Perplexity enables fair comparison between different models, but several caveats apply. For perplexity to be meaningful across models, certain conditions must be met: identical vocabulary, identical test set, and consistent tokenization. Violating these conditions leads to misleading comparisons.

Same Vocabulary Requirement

Models must use the same vocabulary for perplexity to be comparable. A model with a larger vocabulary faces a harder prediction problem because it has more choices at each step.

In[29]:
Code
# Demonstrate vocabulary effect
def create_model_with_vocab_limit(sentences, n=2, k=0.01, max_vocab=None):
    """Create model with optional vocabulary limit."""
    model = NgramModel(n=n, k=k)

    if max_vocab:
        # Count word frequencies
        word_freq = Counter()
        for tokens in sentences:
            word_freq.update(tokens)

        # Keep only top words
        top_words = set(w for w, _ in word_freq.most_common(max_vocab))

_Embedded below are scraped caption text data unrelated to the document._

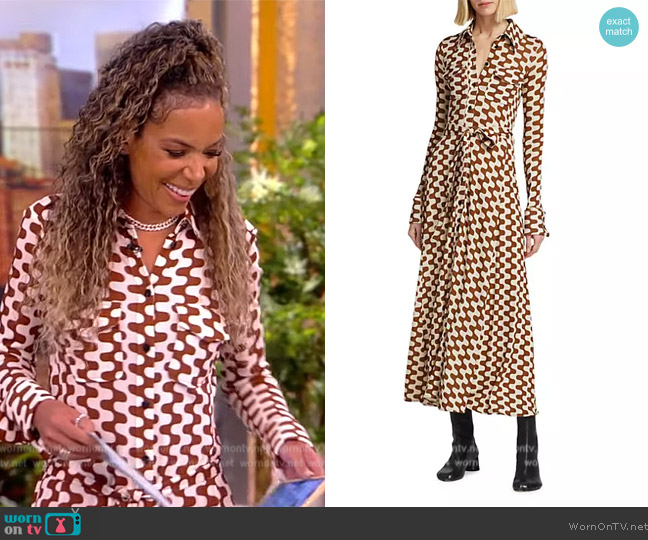 Proenza Schouler Printed Jersey Shirtdress worn by Sunny Hostin on The View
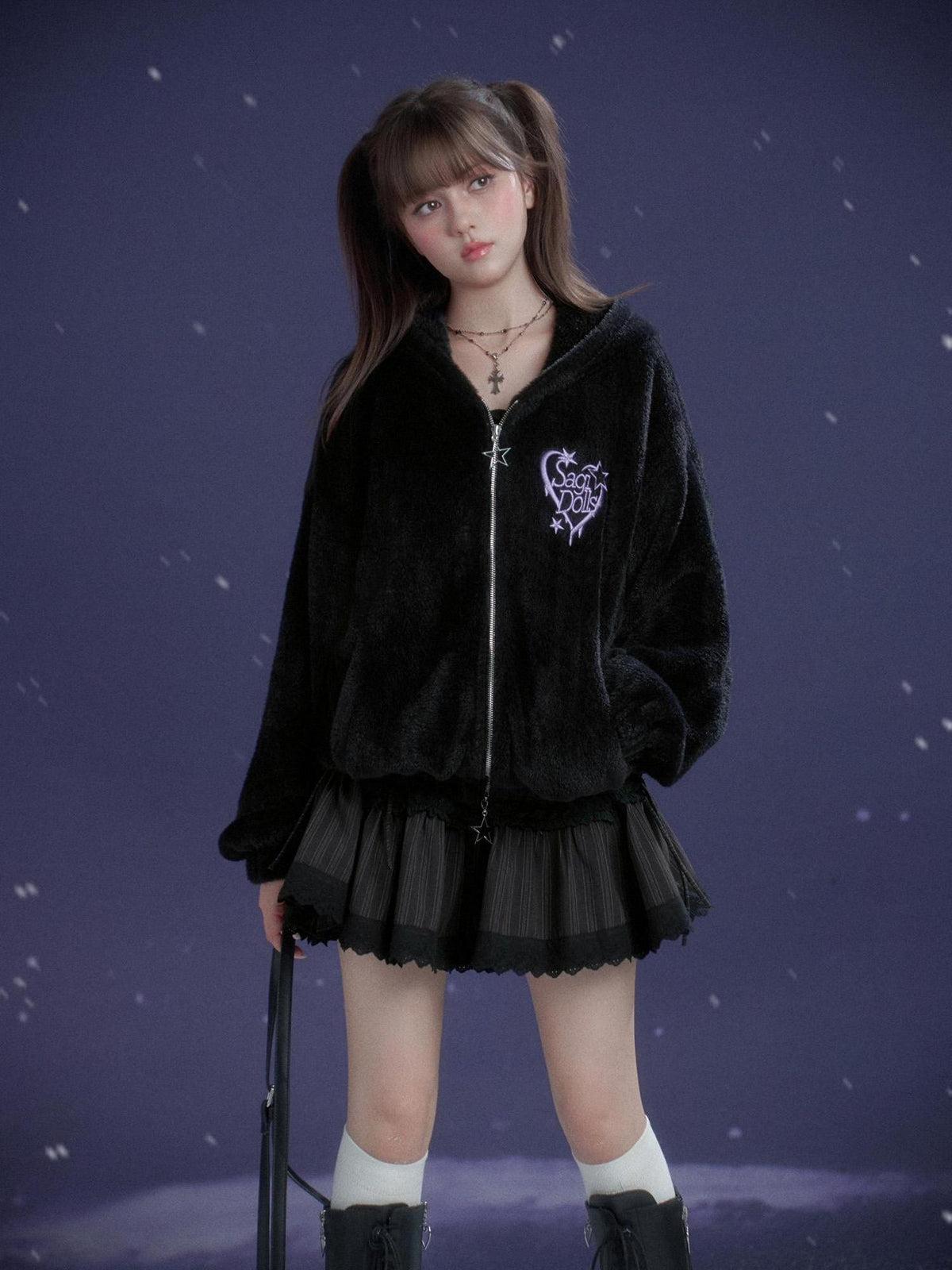 SagiDolls Black Purple Embroidered Heart Hooded Loose Women's Faux Fur Casual Jackets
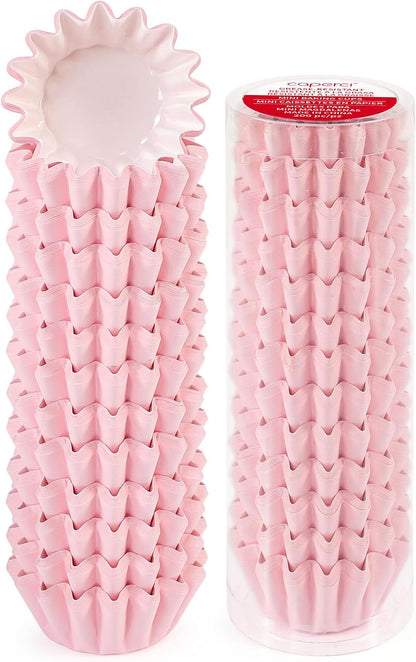 Heavy Duty Pink Mini Cupcake Liners Small Muffin Baking Cups 200pcs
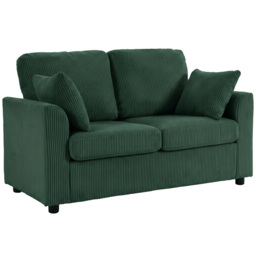 HOMCOM 2 Seater Sofa, Corduroy Small Couch with Spring Cushion, Wide and Deep Seat, Dark Green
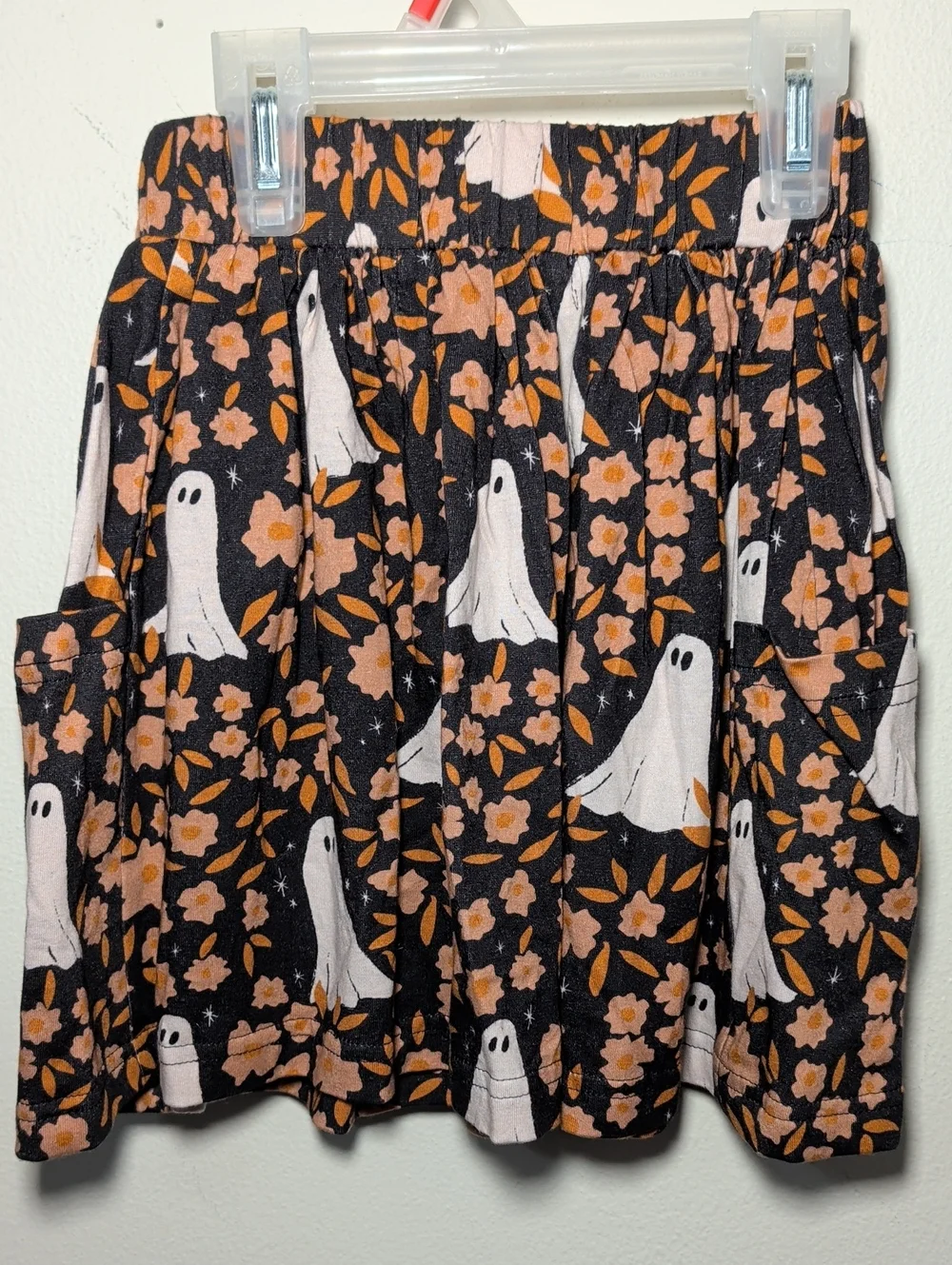 Halloween Skirt + T-Shirt Set - Hey Boo Hey Shirt + Floral Ghost Skirt Size 6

        # Replace rare words with <UNK>
        filtered_sentences = []
        for tokens in sentences:
            filtered = [w if w in top_words else "<unk>" for w in tokens]
            filtered_sentences.append(filtered)

        model.train(filtered_sentences)
    else:
        model.train(sentences)

    return model


# Compare models with different vocabulary sizes
# Use sizes smaller than full vocab to show clear progression
vocab_sizes = [5, 10, 15, 20, 30, None]  # None means full vocabulary
vocab_comparison = []

for max_v in vocab_sizes:
    model = create_model_with_vocab_limit(
        splits["train"], n=2, k=0.01, max_vocab=max_v
    )

    # Need to process test set with same vocabulary
    if max_v:
        word_freq = Counter()
        for tokens in splits["train"]:
            word_freq.update(tokens)
        top_words = set(w for w, _ in word_freq.most_common(max_v))
        test_filtered = [
            [w if w in top_words else "<unk>" for w in tokens]
            for tokens in splits["test"]
        ]
    else:
        test_filtered = splits["test"]

    pp = model.perplexity(test_filtered)
    vocab_comparison.append((max_v if max_v else len(model.vocab), pp))
Out[30]:
Console
Effect of Vocabulary Size on Perplexity:
----------------------------------------
  Vocab Size   Perplexity
----------------------------------------
           5         2.19
          10         2.74
          15         3.64
          20         6.89
          30         7.55
          43        17.89

Smaller vocabularies generally yield lower perplexity because the model has fewer options to choose from at each step. This illustrates why vocabulary size must be controlled when comparing models: a model with a 10-word vocabulary will always outperform one with 10,000 words on raw perplexity, even if the larger-vocabulary model is objectively better.

Out[31]:
Visualization
Line plot showing perplexity increasing as vocabulary size grows, demonstrating the relationship between vocabulary size and model perplexity.
Effect of vocabulary size on perplexity. Smaller vocabularies yield lower perplexity because the model has fewer choices at each step. This demonstrates why vocabulary size must be controlled when comparing models. Larger vocabulary means a harder prediction task.

Same Test Set Requirement

Perplexity scores are only comparable when computed on the same test set. Different test sets may have different inherent difficulty levels.

Statistical Significance

Small differences in perplexity may not be meaningful. Always consider whether improvements are statistically significant, especially when comparing on small test sets.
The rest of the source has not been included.